A physical education and outdoor education teacher at Sisters High School for the past 18 years, Runco has also taught basketball for the better part of two decades. The head boys coach at Sisters since 1998, Runco has taken the Outlaws to the state playoffs four times, their most recent appearance coming last season, when Sisters finished 20-6.
This week, though, Runco begins taking on an entirely different type of teaching assignment.
With the blessing of the Sisters School District, Runco, 42, will take a two-month leave of absence this winter to help run a teacher-training program for young women in the country of Nepal in south Asia. Runco, who has been making summer treks to Nepal for the past nine years, has been helping impoverished areas in the country for the past several years after he and fellow Sisters High teacher Mark LaMont established the nonprofit Ten Friends Project.

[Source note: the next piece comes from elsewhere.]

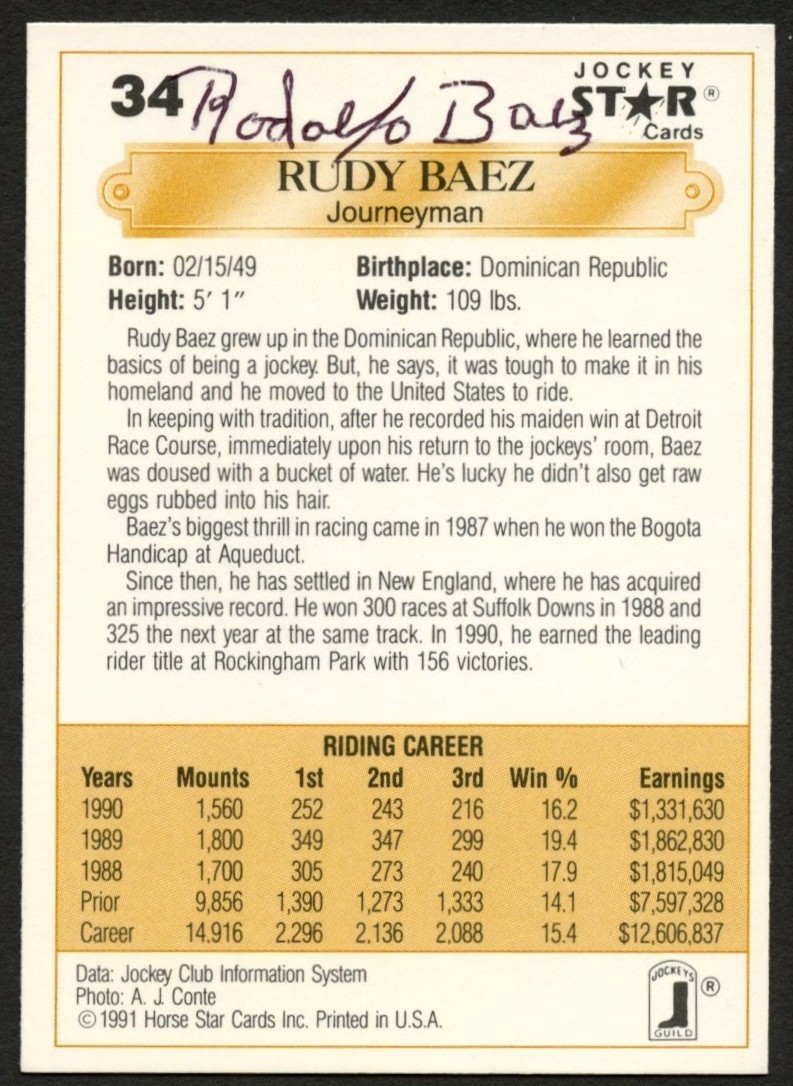 Rudy Baez #34 signed autograph auto 1991 Horse Jockey Star Trading Card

In addition to helping provide rural Nepalese villages with portable stretchers, water filters and improved sanitation, Ten Friends — which was named after Runco, LaMont, and eight of their buddies who joined the two Sisters teachers in Nepal one summer — has partnered with the Nepal Bhotia Education Community to help women in isolated areas of Nepal become teachers themselves.
“The goal is for each area to have its own teachers,” says Runco.
“Most of the teachers come from Kathmandu,” says Runco, referring to Nepal’s capital and largest city, with a population of some 700,000. “That’s a totally different culture.”
Runco’s relationship with the Himalaya Mountain country began when he was 10.
“My older brother went to Nepal and brought back pictures,” Runco says about his introduction to Nepal. “I was fired up to go.”
In 2001, Runco finally made it to the country he had dreamed about since his childhood. A group of students from Bend and Redmond were planning a trip to Nepal when a chaperon backed out at the last minute. Runco filled in, and a love affair began.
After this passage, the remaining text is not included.